One feature that was missing compared to buzz, is that buzz also shows parameters (volume, panorama) of incoming connections in the parameter view. We have this now too.

I also refactored some code in the machines and made monitoring more flexible. As a result the level-meters in the toolbar are now post-gain. Means if you change the volume you see the level-changing accordingly.

Last change of the month is some eye candy. The icons in the machine view don't become blurry when zooming anymore. I also added some simple effects to show the state (desaturizing them or making them half transparent).

LJ has part two of the buzztard article</b> online. Its an interview and tells you all you never wanted to know a bout me and the project.

buzztard

Yay. LJ has a nice online article about buzztard. While helping the author to get the code up & running, I mad several improvments to the configure stuff to make things more obvious, especially when installing not to /usr. I also updated the instructions on the wiki and waffel updated our jhbuild module- set.

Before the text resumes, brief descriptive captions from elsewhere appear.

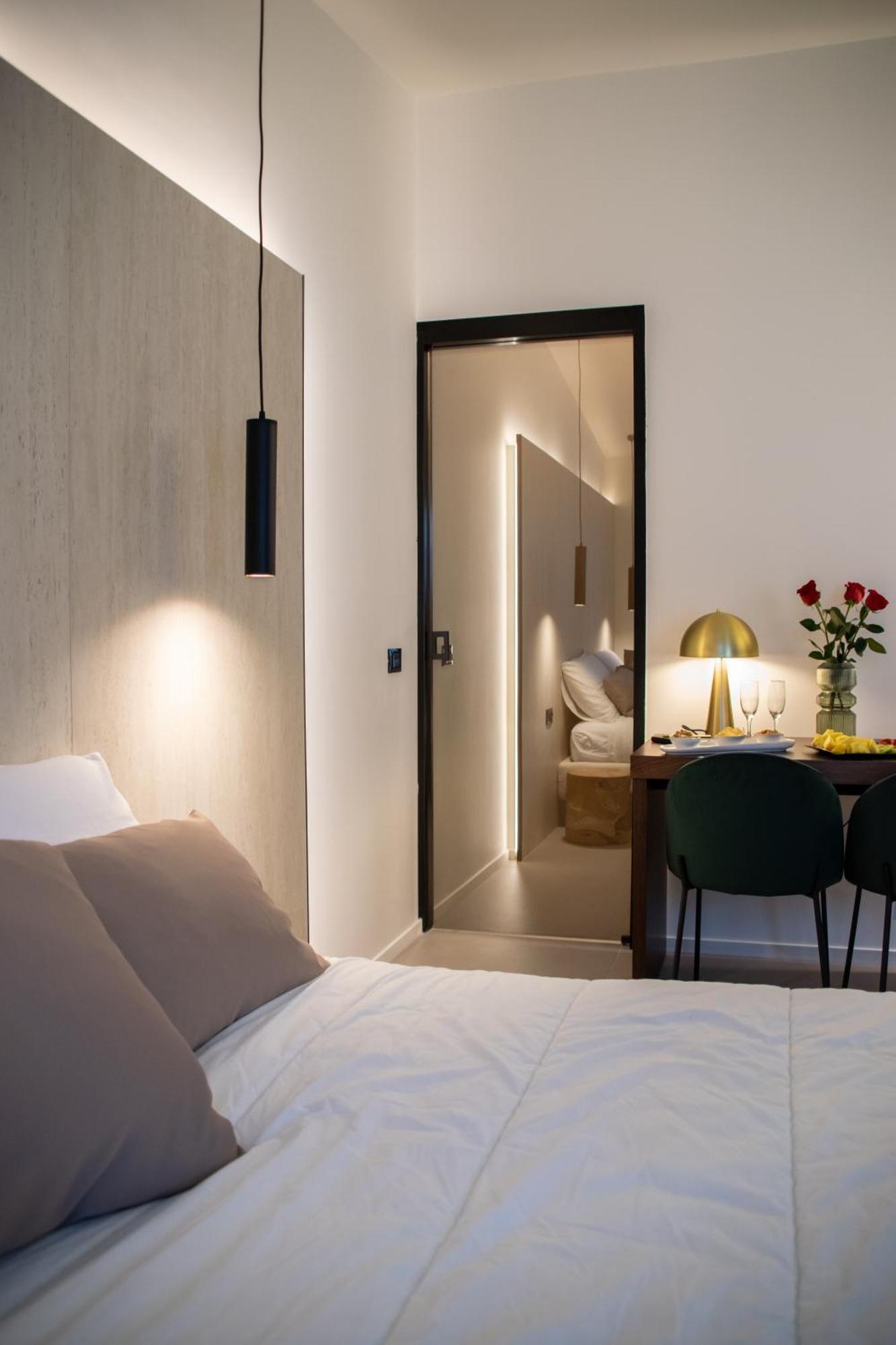 Deluxe Double Room Bath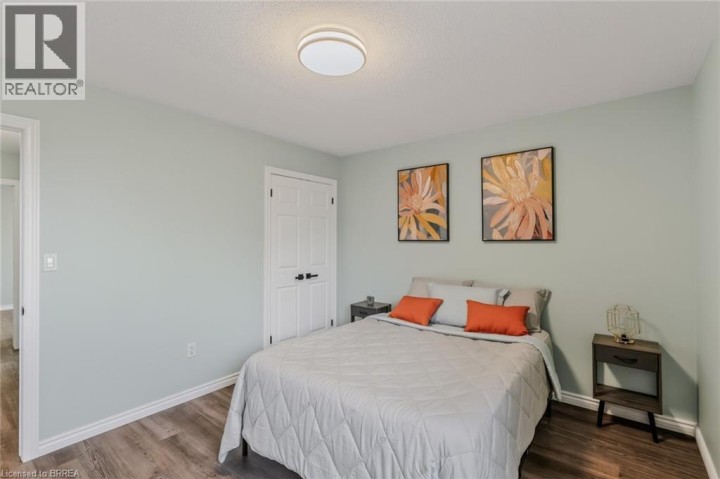 Photo 20 at 4 Dowden Avenue, Donegal / Mcguiness, Brantford
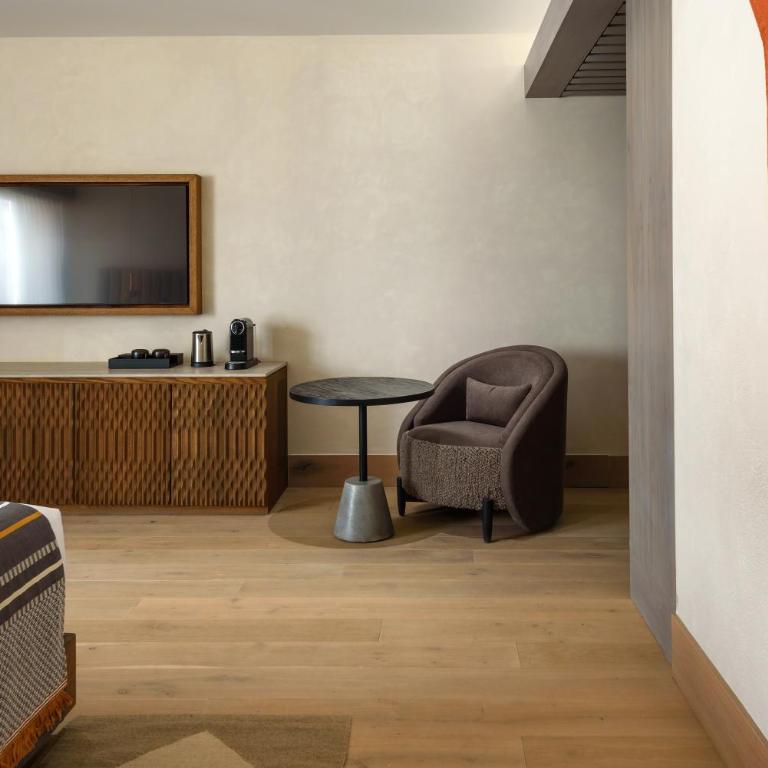 NUMU Boutique Hotel, The Unbound Collection by Hyatt - Suite Master - 5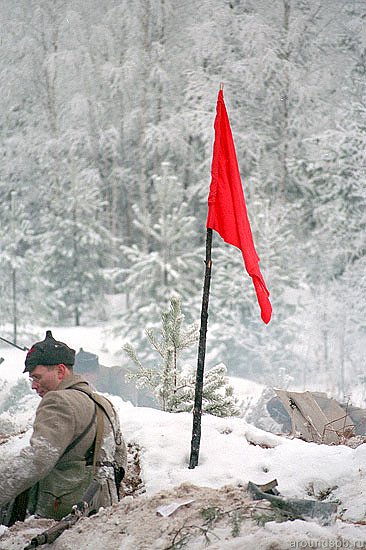 Красное знамя над вражескими позициями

The GStreamer buzzmachine plugin now supports an index.txt file in the search path. This is used in buzz to categorize machines. The wrapper plugin adds the categories to the GStreamer classification filed and buzztard-edit uses it to build a structured menu. This helps makes the menu a bit more useful again. Same stuff needed for ladspa (via rdf).

The whole machine graph handling is now getting into 2nd phase. I can already disconnect stuff while playing without breaking things. Adding sources still has issues :/

I also made a series of UI experiemnts. I now have some code for doing properly scaled svgs on gnome-canvas. Sofar the machine icons became blurry when zooming. This was quite noticable in the screenshots of the article. Speaking of those I am suprised that even today, browsers only do nearest neighbour scaling. As graphics is fun, I also hacked some pixbuf filter effect, so that I can get icon variants for selecting and disabling. This will hopefully be integrated in next month. Finally I replaced the VU meter code with the cairo variant from gbo #547490 and made some fixes/improvements.